While at a job fair in Spokane with the Ocosta superintendent, Macy ran into Karen Wirkkala, then principal at NGRVS. It turned out there were several positions open at the school. Macy took a couple of applications. Later, he mentioned to his wife Wendy that he had the applications. She asked if he was serious about going to Naselle. After discussing it, they both decided they were interested and each filled out an application.


Back to Naselle


After interviews, both Macys received job offers which they accepted. Wendy became the second grade teacher, a position which she has held to date. Macy was hired to split his time between classroom subjects, PE and serving as the head basketball coach.

“I taught social studies, math and PE and coached basketball the first year,” recalled Macy. “I’ve genuinely enjoyed my coaching. When we were 2B, it was really tough to beat teams in that central 2B league at the District and State tournaments. In the Pacific League, we won two or three league titles in a row. We had some really close games in post season games that were winner to state and loser out. We’d get right up to the door and then not get through. I think once we started playing at the 1B level we became more competitive. Last year we made it to the regionals. If there had been a 16-team tournament we’d have made it to State. It’s been better for all our kids in every sport. I think it took all of us, me included, a while to realize this is probably where we are at. With the decline in enrolling we were experiencing, I think our kids really are benefiting from the move to 1B.”

As proof to that statement, this year the Comet football team earned their way into the state tournament before being outscored by an undefeated Lummi team. The volleyball team became District champions and made it to state earning seventh place. The varsity boys’ basketball team finished second in the league and are in post-season play. The varsity girls’ basketball team finished the regular season first in the league and will now play in the District tournament.

Macy is clearly optimistic about the future of sports at Naselle saying, “I think we have some extremely good athletes coming up through the system.”

The Macy’s are now empty nesters.
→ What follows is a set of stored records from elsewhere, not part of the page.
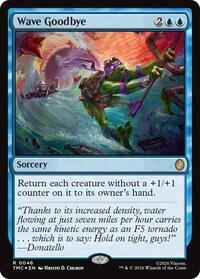 Wave Goodbye (Surge Foil), Commander: Teenage Mutant Ninja Turtles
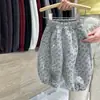 Calças Infantis para Meninos e Meninas, Roupas de Outono e Inverno, Novo Estilo 2025, Calças Casuais Estilosas, Calças de Veludo da Moda para Bebês
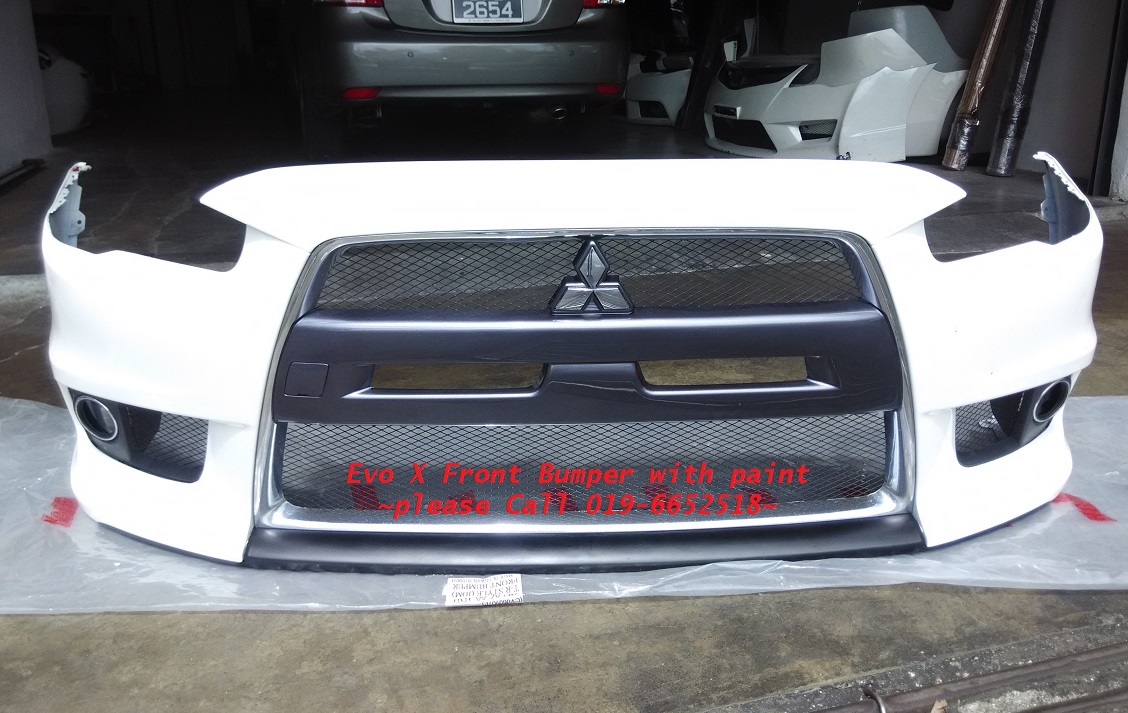 MING HONG MOTORSPORT EVO X FRONT BUMPER FOR SALES (V1) WITH PAINT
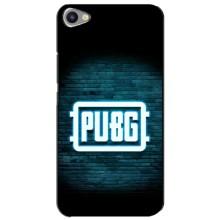 Чехол PUBG для Мейзу Ю20 (AlphaPrint) (Лого PUBG)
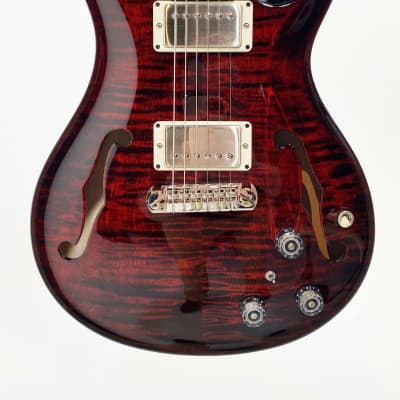 PRS Core Hollowbody II Piezo in Fire Red Wrap Burst w/Case image 4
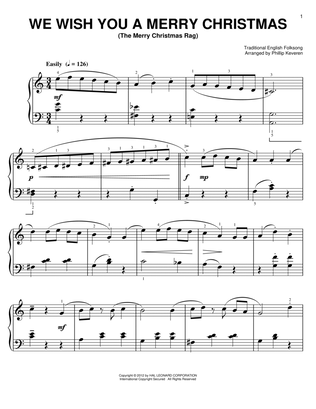 We Wish You A Merry Christmas [Ragtime version] (arr. Phillip Keveren)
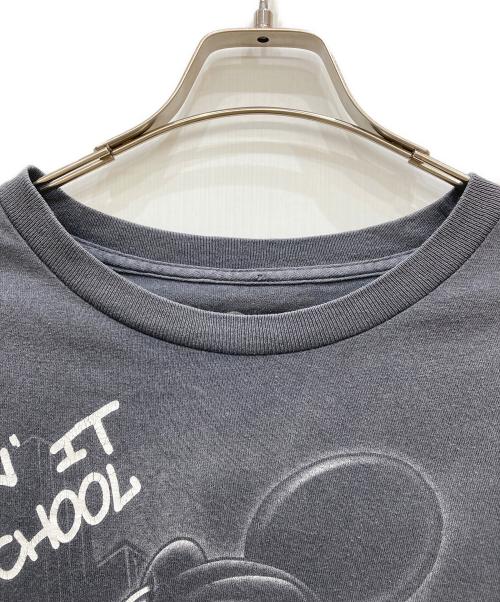 DISNEY（ディズニー）Disney (ディズニー) ミッキープリントTシャツ ブラック サイズ:XLの古着・服飾アイテム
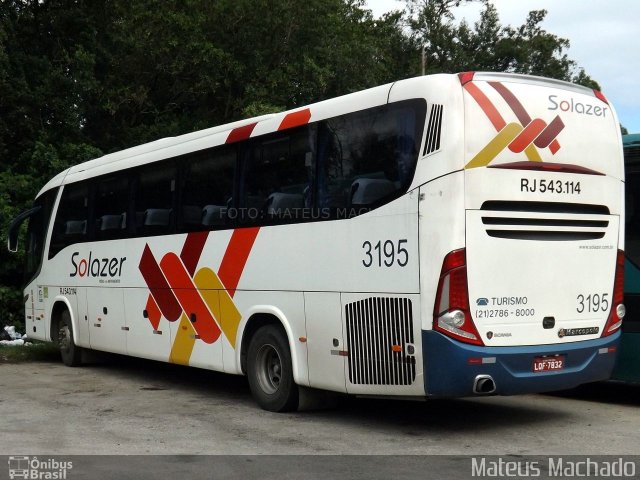 Solazer Transportes e Turismo RJ 543.114 na cidade de Angra dos Reis, Rio de Janeiro, Brasil, por Mateus Machado. Número da foto: #2860173.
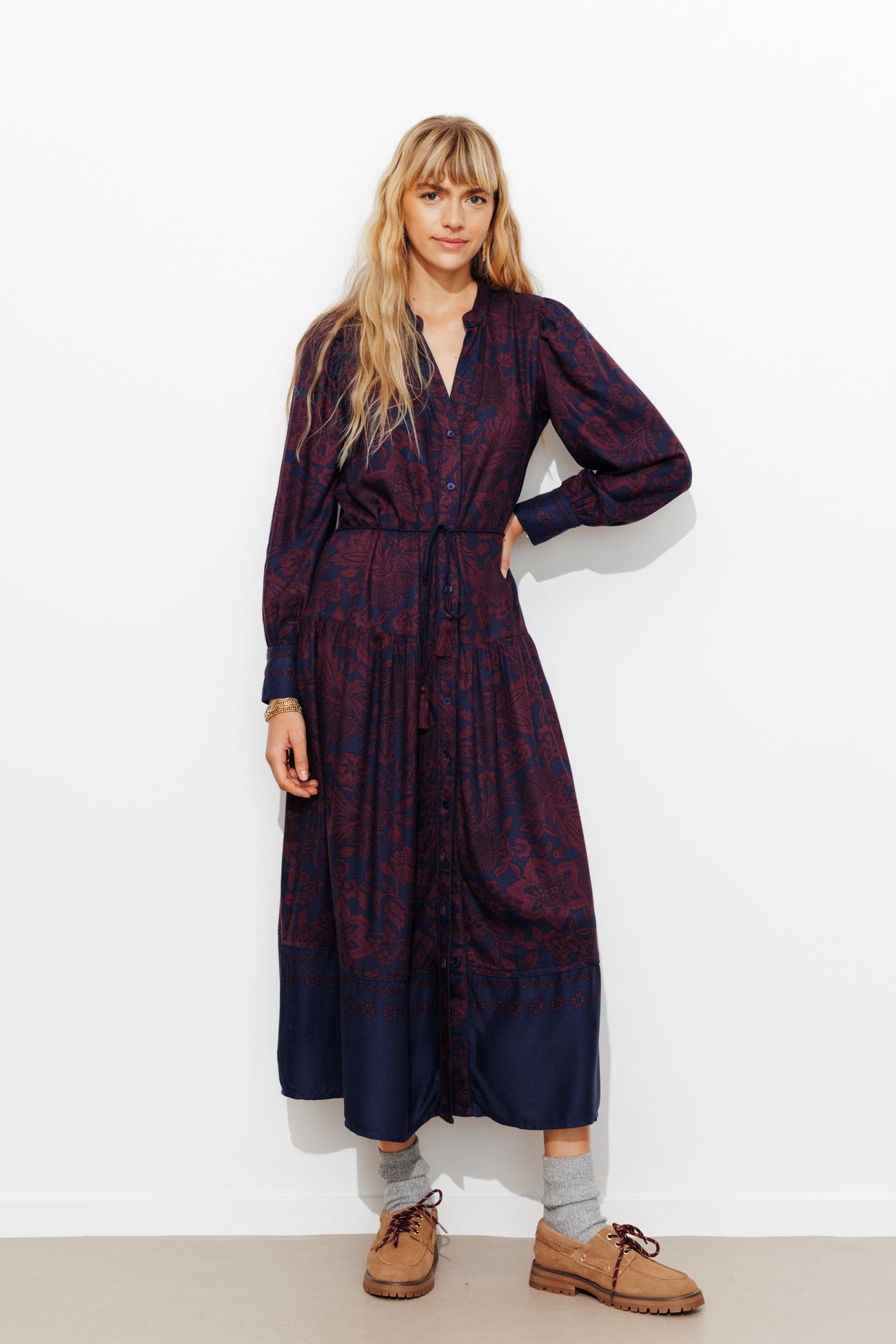 Robe longue imprimée Femme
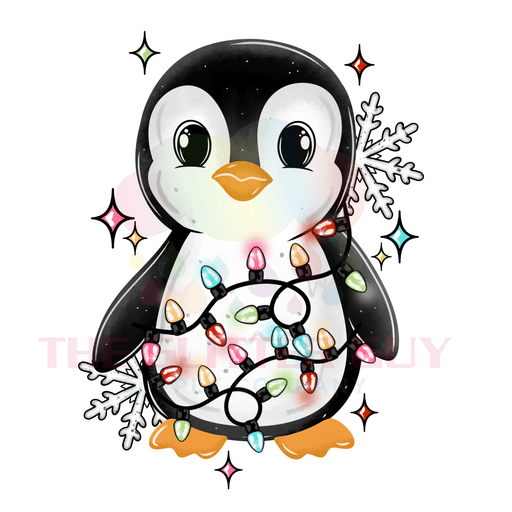 Printed Decal - Penguin Lights | Decals from The Glitter Guy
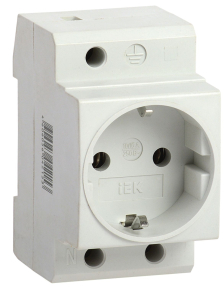 Розетка в сборе IEK, 2P+E, 16А, 76х45 мм (ВхШ)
Their son, Drew, graduated from college last spring with a degree in computer science and is now employed in Oklahoma by Fast Enterprises, working on software for the state department of licensing.

“He’s doing well and is already making more money than I do after 27 years in education,” said Macy with a touch of pride in his voice.

“Wendy and I love living in this area. We love the community. We love the school. It is a great school. I just think there’s some awesome people here. Some great teachers and staff with whom Wendy and I are proud to work,” he said.